I don’t think I’d describe it as radical opposition - but I do have a habit of overstating the point so it may have come across that way. There are advantages to shredded tables, I pointed out the disadvantages for context around the topic.
As far as I understand 1NF, the non-shredded atomic tables that Snowplow loads for Snowflake and BigQuery do not violate it. The atomic entity of Snowplow data is an event - and the data is always loaded to the table on a one-row-per-event basis. The way I see it, the shredded table structure represents a one-to-many mapping of events to their related context, not a one-to-many mapping of rows to their atomic values.

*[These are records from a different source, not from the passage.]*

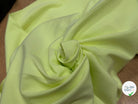 JERSEY COTON 2% ÉLASTHANNE TUBULAIRE 70CM SUNYLIME CÔTE 1X1 - My Little Coupon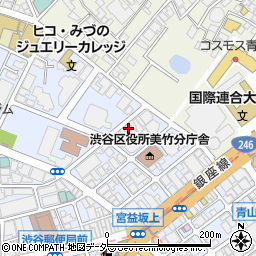 アーク＆パートナーズ（税理士法人）渋谷事務所周辺の地図
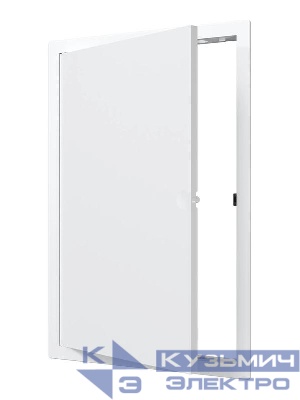 Люк ревизионный LN фланец 200х300 нажимной 223х323 пластик EVECS L2030N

You could take a harder-line stance on 1NF and disagree with me, but at that point in my own opinion we are discussing the details of a table design borne of and primarily designed for transactional data. I personally am ok with violating those principles as long we land on principles that are well suited to behavioural data collection - such as having one row per event, making events self-describing, at-least-once-delivery and including rich metadata.

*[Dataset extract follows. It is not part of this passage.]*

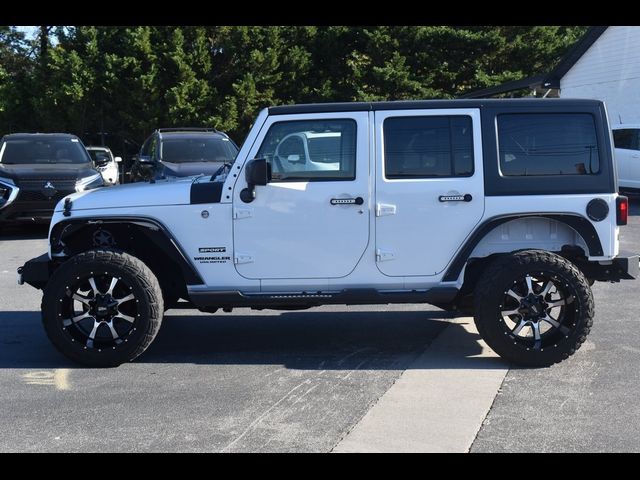 2016 Jeep Wrangler Unlimited Sport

Again though, these are just my personal opinions for the purpose of an interesting discussion - I’m just a random engineer from an unrelated team, my opinion doesn’t hold a lot of weight in terms of product decisions. And I’m happy to be disagreed with!
Why would it make data modelling very cumbersome and hard cap how efficient the models can be?
Specifically to this question - Let’s say you have a custom web event and you want to model it alongside the web model. You need the page view ID, the data from the custom event’s shredded table, and the session id from the atomic events table. So you need two joins on the largest table in the database per custom table (without considering entites/contexts, which are also one-to-many joins). Efficiency is hard-capped as a function of how many different tables you need to join. And that’s just the efficiency problem - the cognitive load involved in designing the model and avoiding error is pretty high too (duplicates are allowed - more joins = more points of failure), which I consider to be probably the more important consideration broadly (since my guess is that more users would be affected by that).
Exactly! It isn’t spelled out in the issue, but this is where Snowplow is heading? To deprecate shredding all together?
That’s not the position, no. Perhaps my phrasing was misleading before, but all I see is an issue to specify adding a feature to Redshift. If the decision is made to deprecate any feature, that’ll be announced once the decision is made.
If it were up to me personally, I’d probably want to deprecate shredding though, yeah - as long as Redshift’s new functionality around handling objects and arrays is actually performant enough (I haven’t had a chance to try it). But tbh all the principled stuff I mentioned above aren’t really why I think that, I just will always prefer to maintain less code - and it would mean we could deprecate a lot of code in the data models. I wouldn’t want to do it if it meant degrading the experience of users in important ways, I just at the moment might need some convincing about that.
But yeah there’s good reason I’m not the one to make those decisions - our product team pay a lot more attention to those kinds of decisions - I’m just a random engineer with opinions which may or may not be way off the mark.